§ **Supplied material**:
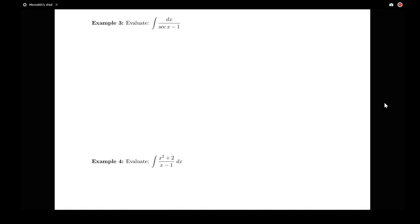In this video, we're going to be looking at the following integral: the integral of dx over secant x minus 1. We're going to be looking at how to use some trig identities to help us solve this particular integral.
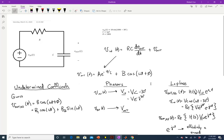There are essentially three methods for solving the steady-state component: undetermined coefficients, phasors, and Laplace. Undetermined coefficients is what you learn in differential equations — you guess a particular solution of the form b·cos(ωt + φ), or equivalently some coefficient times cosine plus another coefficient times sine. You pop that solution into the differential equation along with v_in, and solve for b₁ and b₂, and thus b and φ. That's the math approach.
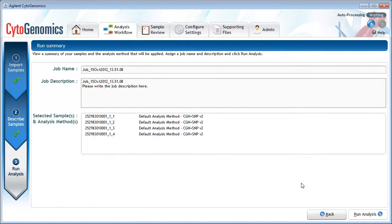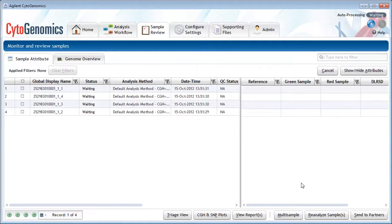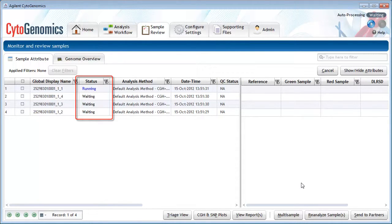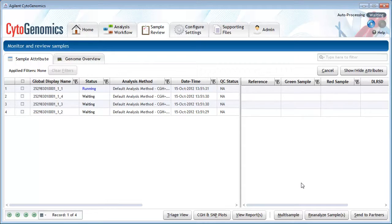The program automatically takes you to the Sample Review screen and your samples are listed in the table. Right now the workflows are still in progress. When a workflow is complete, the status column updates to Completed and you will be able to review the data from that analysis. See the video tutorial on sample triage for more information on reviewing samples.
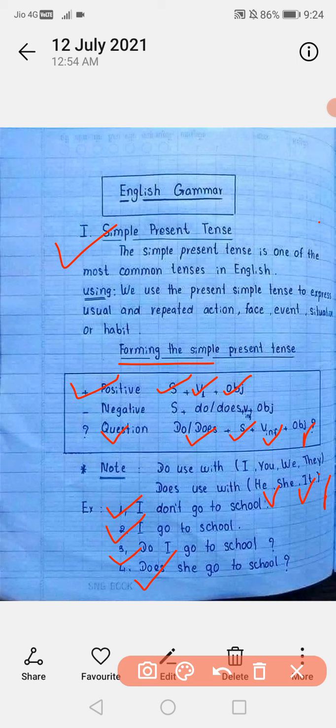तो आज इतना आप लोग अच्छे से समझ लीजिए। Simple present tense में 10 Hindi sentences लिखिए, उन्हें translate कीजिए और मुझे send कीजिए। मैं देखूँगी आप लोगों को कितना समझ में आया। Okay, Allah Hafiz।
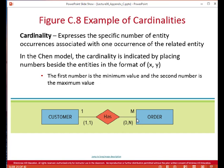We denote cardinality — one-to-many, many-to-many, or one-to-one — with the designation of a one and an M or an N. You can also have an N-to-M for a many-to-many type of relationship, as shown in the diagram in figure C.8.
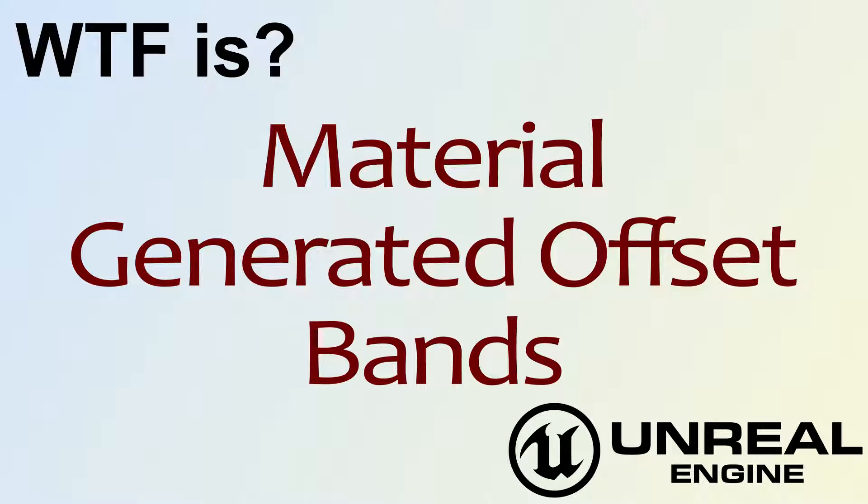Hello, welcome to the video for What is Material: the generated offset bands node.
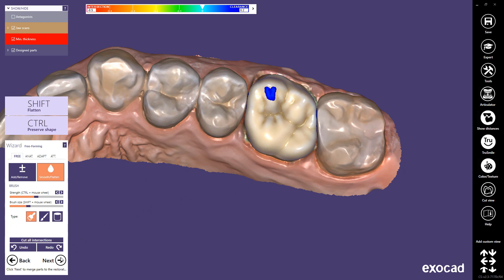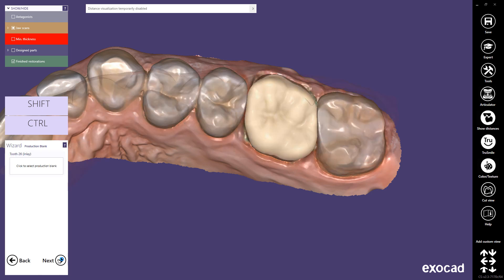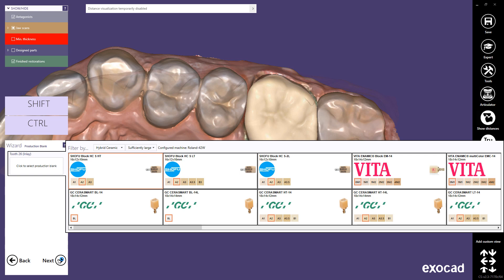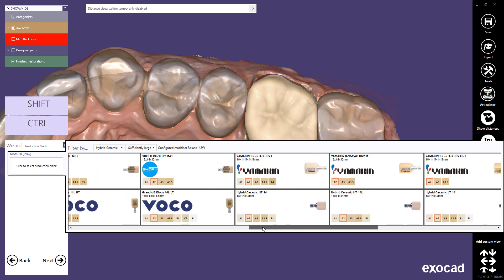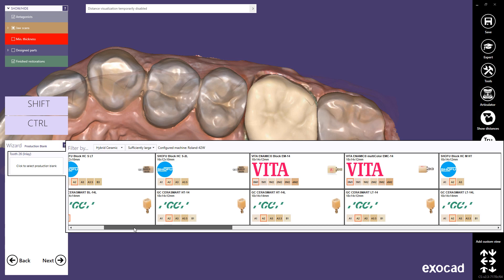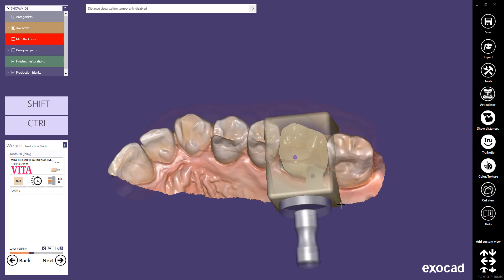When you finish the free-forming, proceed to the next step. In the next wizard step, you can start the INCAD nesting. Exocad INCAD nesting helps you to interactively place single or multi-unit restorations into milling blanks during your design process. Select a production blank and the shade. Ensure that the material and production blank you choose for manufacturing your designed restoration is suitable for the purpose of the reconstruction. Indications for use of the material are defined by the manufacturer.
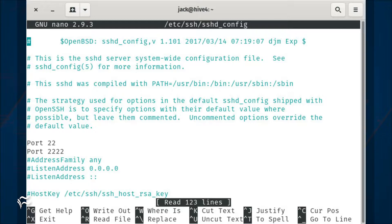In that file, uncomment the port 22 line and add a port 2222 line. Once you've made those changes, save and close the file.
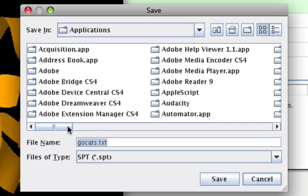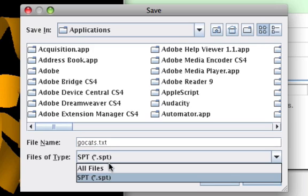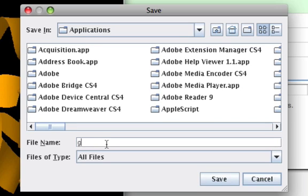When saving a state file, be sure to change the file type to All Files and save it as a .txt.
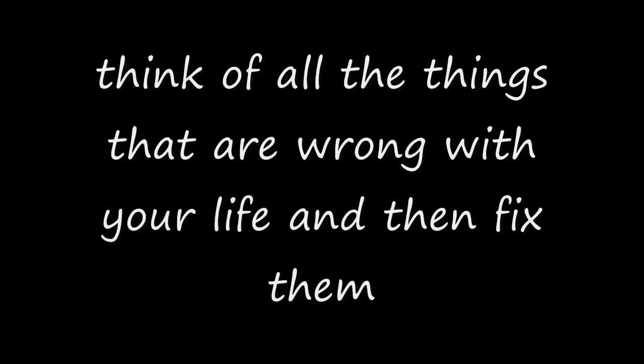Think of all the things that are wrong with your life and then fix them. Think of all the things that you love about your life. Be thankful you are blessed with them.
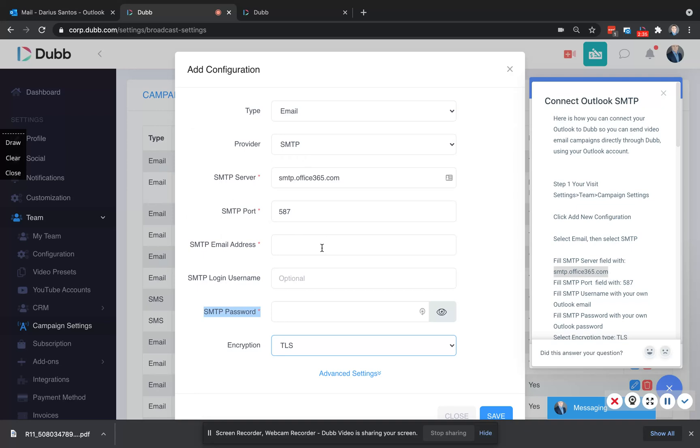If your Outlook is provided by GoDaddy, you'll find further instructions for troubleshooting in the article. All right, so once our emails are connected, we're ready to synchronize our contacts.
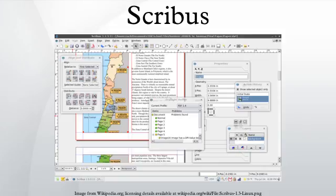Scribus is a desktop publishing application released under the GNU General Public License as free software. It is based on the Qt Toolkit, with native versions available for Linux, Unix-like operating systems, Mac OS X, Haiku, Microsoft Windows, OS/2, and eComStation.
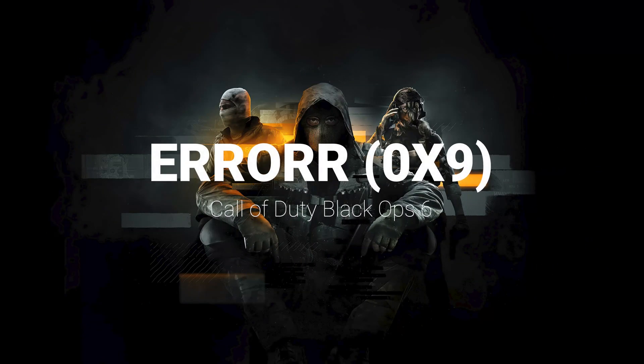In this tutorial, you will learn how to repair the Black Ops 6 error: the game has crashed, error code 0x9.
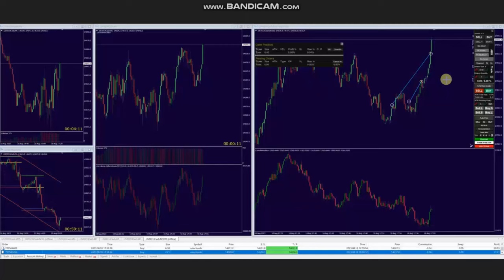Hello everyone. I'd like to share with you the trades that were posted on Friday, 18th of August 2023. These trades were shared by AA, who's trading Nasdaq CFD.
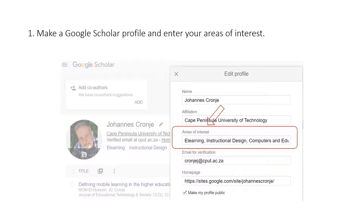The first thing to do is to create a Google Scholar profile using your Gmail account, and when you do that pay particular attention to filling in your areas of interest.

--

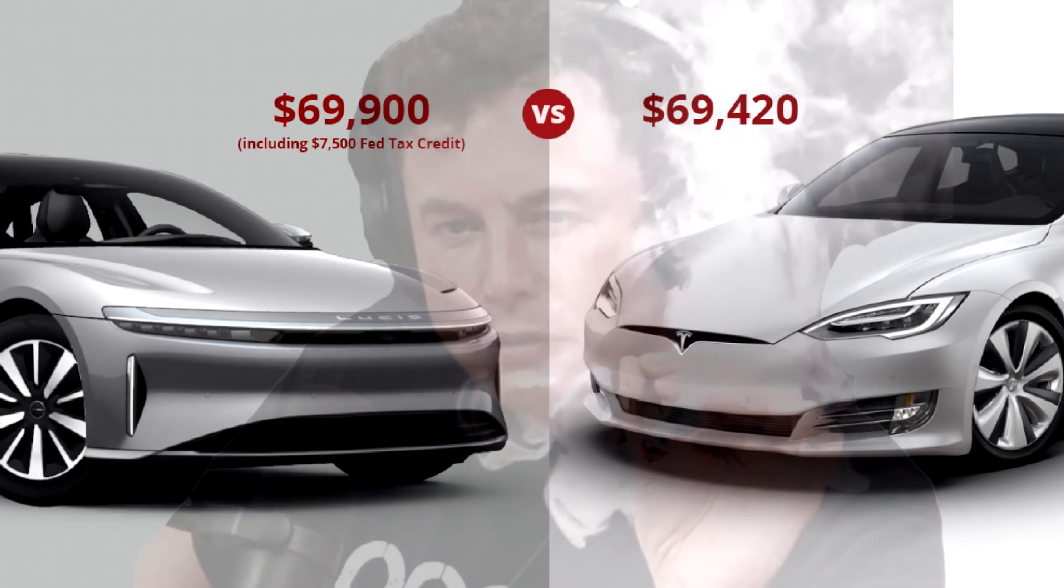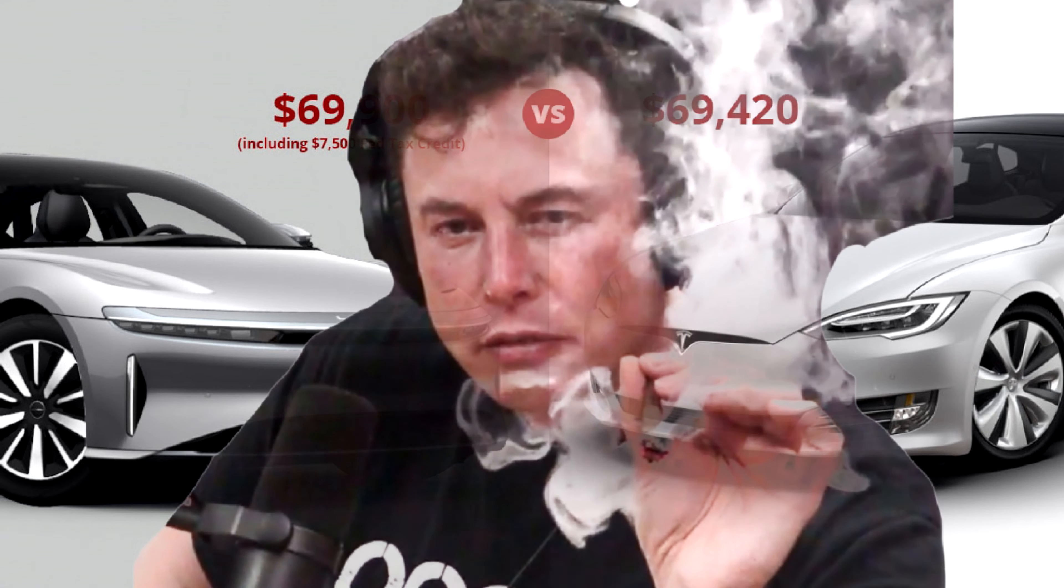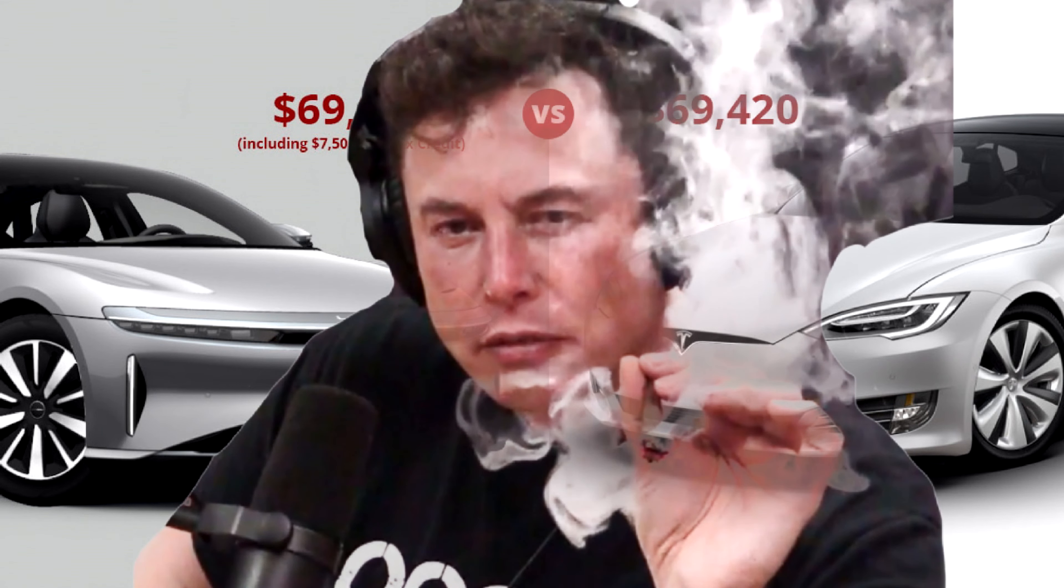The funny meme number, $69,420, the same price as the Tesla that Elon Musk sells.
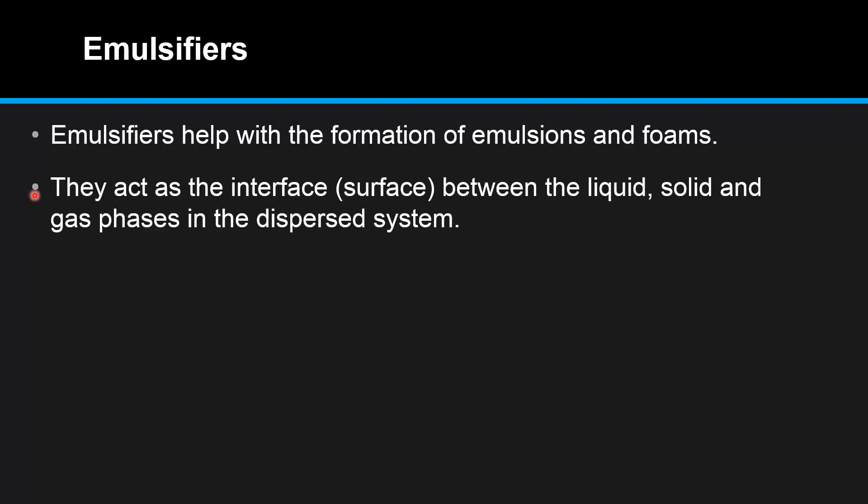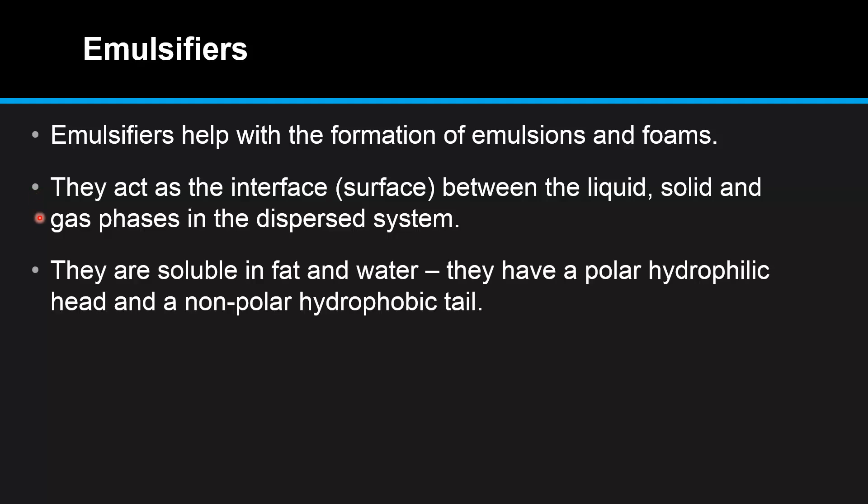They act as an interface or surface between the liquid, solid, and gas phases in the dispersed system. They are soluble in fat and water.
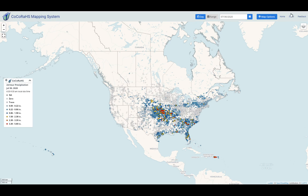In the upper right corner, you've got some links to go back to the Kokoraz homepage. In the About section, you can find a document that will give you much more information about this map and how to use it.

==

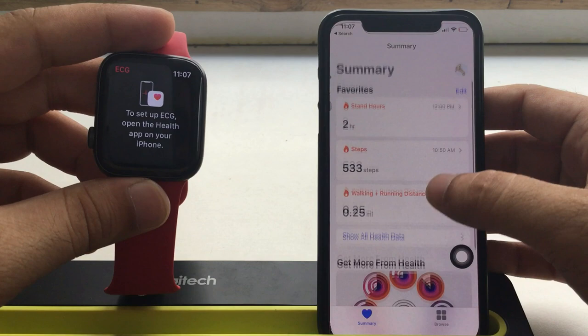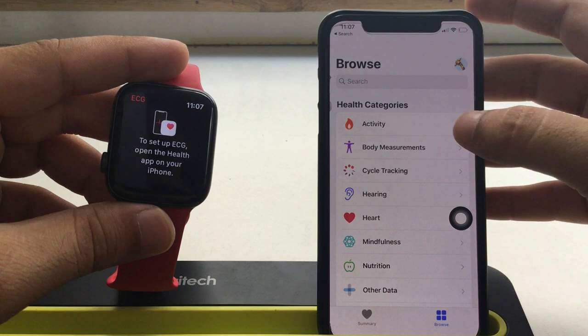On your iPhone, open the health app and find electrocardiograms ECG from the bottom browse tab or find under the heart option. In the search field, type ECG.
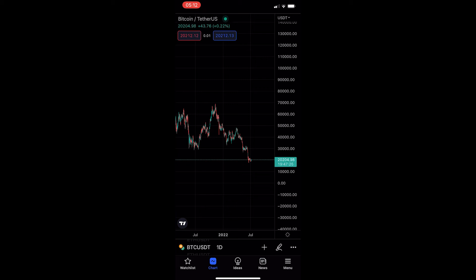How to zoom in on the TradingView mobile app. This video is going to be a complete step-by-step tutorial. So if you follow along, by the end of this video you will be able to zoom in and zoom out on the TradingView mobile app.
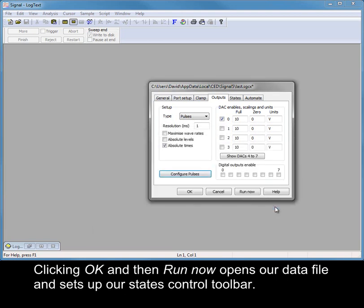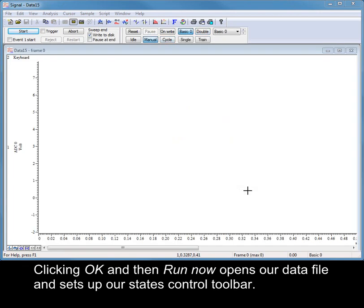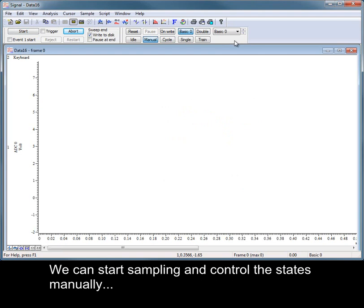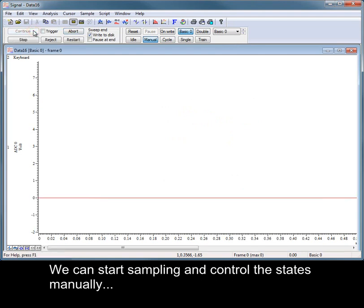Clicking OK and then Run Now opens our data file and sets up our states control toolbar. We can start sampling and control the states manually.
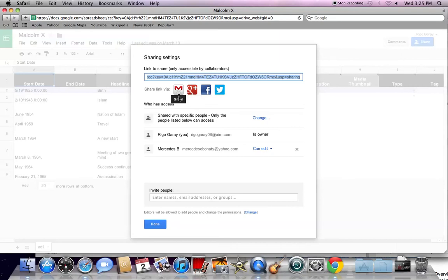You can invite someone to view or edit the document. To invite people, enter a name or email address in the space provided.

§ **What you need to do**: Leaving out each picture, repeat exactly the lines above from the one that contains "The funny meme" through the one that contains "In the upper".

§ **Expected answer**:
The funny meme number, $69,420, the same price as the Tesla that Elon Musk sells.
They act as an interface or surface between the liquid, solid, and gas phases in the dispersed system. They are soluble in fat and water.
In the upper right corner, you've got some links to go back to the Kokoraz homepage. In the About section, you can find a document that will give you much more information about this map and how to use it.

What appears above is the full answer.